- How to complete this task: Print nothing beyond the line with "Rear Stealth Sprocket": every line from the beginning of the data up to it, that line included, and no pictures.

- Input for this task:
**********
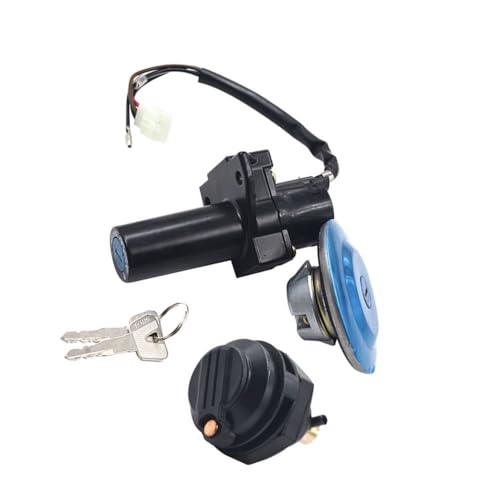 Jeu de clés de bouchon de carburant et neiman YBR 125 ED 2013 serrure moto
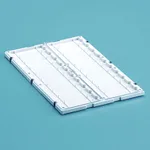 Slide Glass File with Cover/슬라이드 글라스 파일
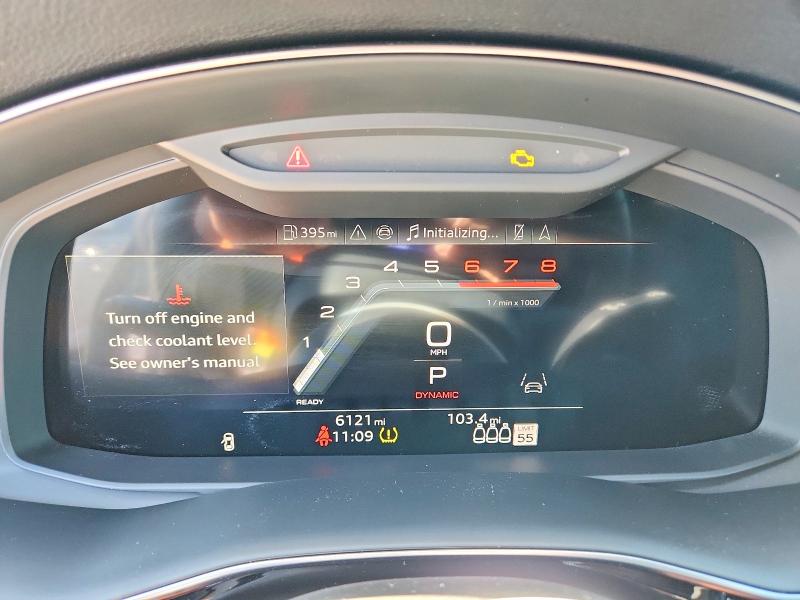 Photo 9 from auction – 2025 AUDI Q8 with VIN WA1EVBF11SD037535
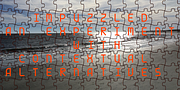 IMPuzzeled, a Font by Ingrimayne Type (Thumbnail 1 of 7)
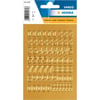 Herma Sticker Sticker 0-9 Altın 12 Mm 4184Herma Sticker Sticker 0-9 Altın 12 Mm 4184 - Kirtasiyem NetStickerlar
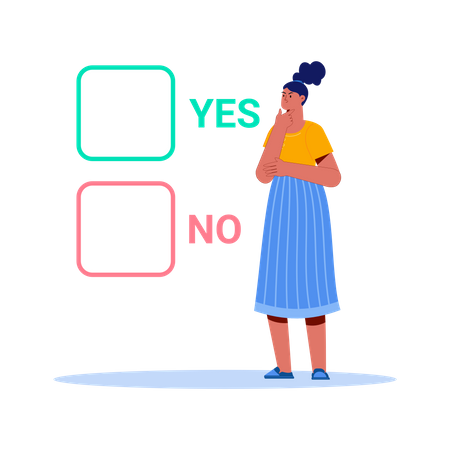 Decisão Empresarial  Illustration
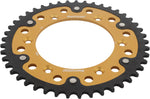 Rear Stealth Sprocket Alu/Stl 45t 520 Gld Hus/Husq/Ktm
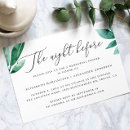 Search for nature rehearsal dinner invitations Outdoor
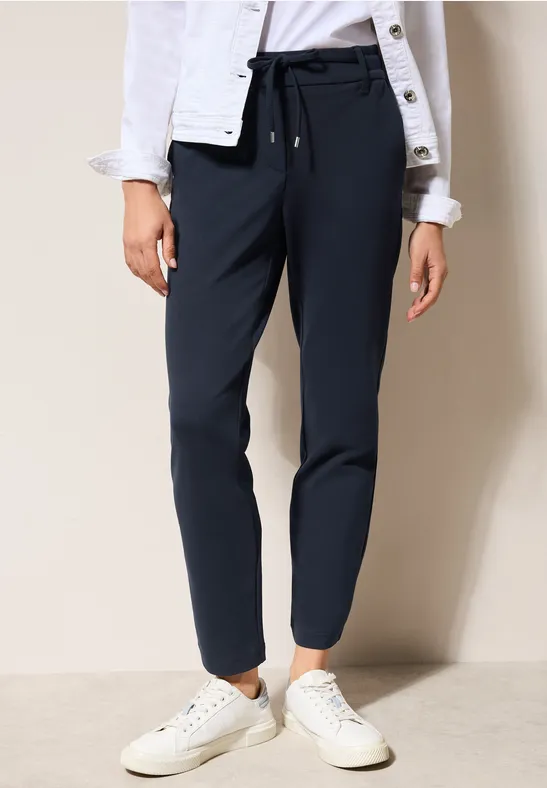 Pantalon en coupe casual universal blue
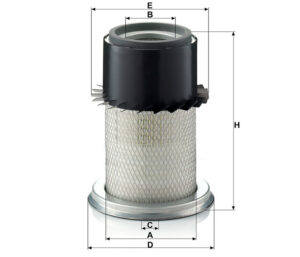 Mann C 16 150 Outer Air Filter C16150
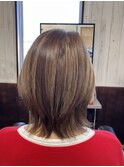 白髪ぼかし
**********
- Task solution:
 Jeu de clés de bouchon de carburant et neiman YBR 125 ED 2013 serrure moto
 Slide Glass File with Cover/슬라이드 글라스 파일
 Photo 9 from auction – 2025 AUDI Q8 with VIN WA1EVBF11SD037535
 IMPuzzeled, a Font by Ingrimayne Type (Thumbnail 1 of 7)
 Herma Sticker Sticker 0-9 Altın 12 Mm 4184Herma Sticker Sticker 0-9 Altın 12 Mm 4184 - Kirtasiyem NetStickerlar
 Decisão Empresarial  Illustration
 Rear Stealth Sprocket Alu/Stl 45t 520 Gld Hus/Husq/Ktm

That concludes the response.